__EXERCISE PROMPT__.
Every record that follows must be set down word for word.

---

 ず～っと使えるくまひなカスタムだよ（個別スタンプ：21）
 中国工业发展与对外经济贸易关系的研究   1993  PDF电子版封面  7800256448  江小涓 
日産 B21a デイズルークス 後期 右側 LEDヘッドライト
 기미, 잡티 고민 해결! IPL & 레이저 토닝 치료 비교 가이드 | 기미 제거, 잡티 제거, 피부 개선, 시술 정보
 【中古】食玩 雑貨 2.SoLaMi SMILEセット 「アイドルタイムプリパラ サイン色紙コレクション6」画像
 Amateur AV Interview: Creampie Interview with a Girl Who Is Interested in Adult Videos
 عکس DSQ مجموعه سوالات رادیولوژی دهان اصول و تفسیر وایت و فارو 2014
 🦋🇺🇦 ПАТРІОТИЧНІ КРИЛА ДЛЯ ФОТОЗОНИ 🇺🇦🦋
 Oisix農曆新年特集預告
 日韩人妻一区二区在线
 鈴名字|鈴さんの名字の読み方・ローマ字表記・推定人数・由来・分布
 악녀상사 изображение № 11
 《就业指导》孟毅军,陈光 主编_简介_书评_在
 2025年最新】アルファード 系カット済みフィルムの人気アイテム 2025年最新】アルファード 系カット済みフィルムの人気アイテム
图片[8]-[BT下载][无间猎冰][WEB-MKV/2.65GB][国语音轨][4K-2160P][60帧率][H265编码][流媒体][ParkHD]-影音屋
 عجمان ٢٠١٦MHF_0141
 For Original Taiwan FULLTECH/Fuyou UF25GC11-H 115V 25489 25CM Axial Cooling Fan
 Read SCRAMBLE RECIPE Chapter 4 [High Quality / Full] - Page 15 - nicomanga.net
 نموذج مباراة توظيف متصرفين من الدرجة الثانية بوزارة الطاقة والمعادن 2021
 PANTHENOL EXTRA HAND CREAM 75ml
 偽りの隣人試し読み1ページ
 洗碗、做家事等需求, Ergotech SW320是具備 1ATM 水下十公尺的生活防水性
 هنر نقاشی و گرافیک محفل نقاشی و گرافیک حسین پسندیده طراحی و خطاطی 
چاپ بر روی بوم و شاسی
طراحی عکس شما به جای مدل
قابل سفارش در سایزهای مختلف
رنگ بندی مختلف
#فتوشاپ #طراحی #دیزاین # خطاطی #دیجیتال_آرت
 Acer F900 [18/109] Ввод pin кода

---

__ANSWER SPACE__.
 ず～っと使えるくまひなカスタムだよ（個別スタンプ：21）
 中国工业发展与对外经济贸易关系的研究   1993  PDF电子版封面  7800256448  江小涓 
日産 B21a デイズルークス 後期 右側 LEDヘッドライト
 기미, 잡티 고민 해결! IPL & 레이저 토닝 치료 비교 가이드 | 기미 제거, 잡티 제거, 피부 개선, 시술 정보
 【中古】食玩 雑貨 2.SoLaMi SMILEセット 「アイドルタイムプリパラ サイン色紙コレクション6」画像
 Amateur AV Interview: Creampie Interview with a Girl Who Is Interested in Adult Videos
 عکس DSQ مجموعه سوالات رادیولوژی دهان اصول و تفسیر وایت و فارو 2014
 🦋🇺🇦 ПАТРІОТИЧНІ КРИЛА ДЛЯ ФОТОЗОНИ 🇺🇦🦋
 Oisix農曆新年特集預告
 日韩人妻一区二区在线
 鈴名字|鈴さんの名字の読み方・ローマ字表記・推定人数・由来・分布
 악녀상사 изображение № 11
 《就业指导》孟毅军,陈光 主编_简介_书评_在
 2025年最新】アルファード 系カット済みフィルムの人気アイテム 2025年最新】アルファード 系カット済みフィルムの人気アイテム
图片[8]-[BT下载][无间猎冰][WEB-MKV/2.65GB][国语音轨][4K-2160P][60帧率][H265编码][流媒体][ParkHD]-影音屋
 عجمان ٢٠١٦MHF_0141
 For Original Taiwan FULLTECH/Fuyou UF25GC11-H 115V 25489 25CM Axial Cooling Fan
 Read SCRAMBLE RECIPE Chapter 4 [High Quality / Full] - Page 15 - nicomanga.net
 نموذج مباراة توظيف متصرفين من الدرجة الثانية بوزارة الطاقة والمعادن 2021
 PANTHENOL EXTRA HAND CREAM 75ml
 偽りの隣人試し読み1ページ
 洗碗、做家事等需求, Ergotech SW320是具備 1ATM 水下十公尺的生活防水性
 هنر نقاشی و گرافیک محفل نقاشی و گرافیک حسین پسندیده طراحی و خطاطی 
چاپ بر روی بوم و شاسی
طراحی عکس شما به جای مدل
قابل سفارش در سایزهای مختلف
رنگ بندی مختلف
#فتوشاپ #طراحی #دیزاین # خطاطی #دیجیتال_آرت
 Acer F900 [18/109] Ввод pin кода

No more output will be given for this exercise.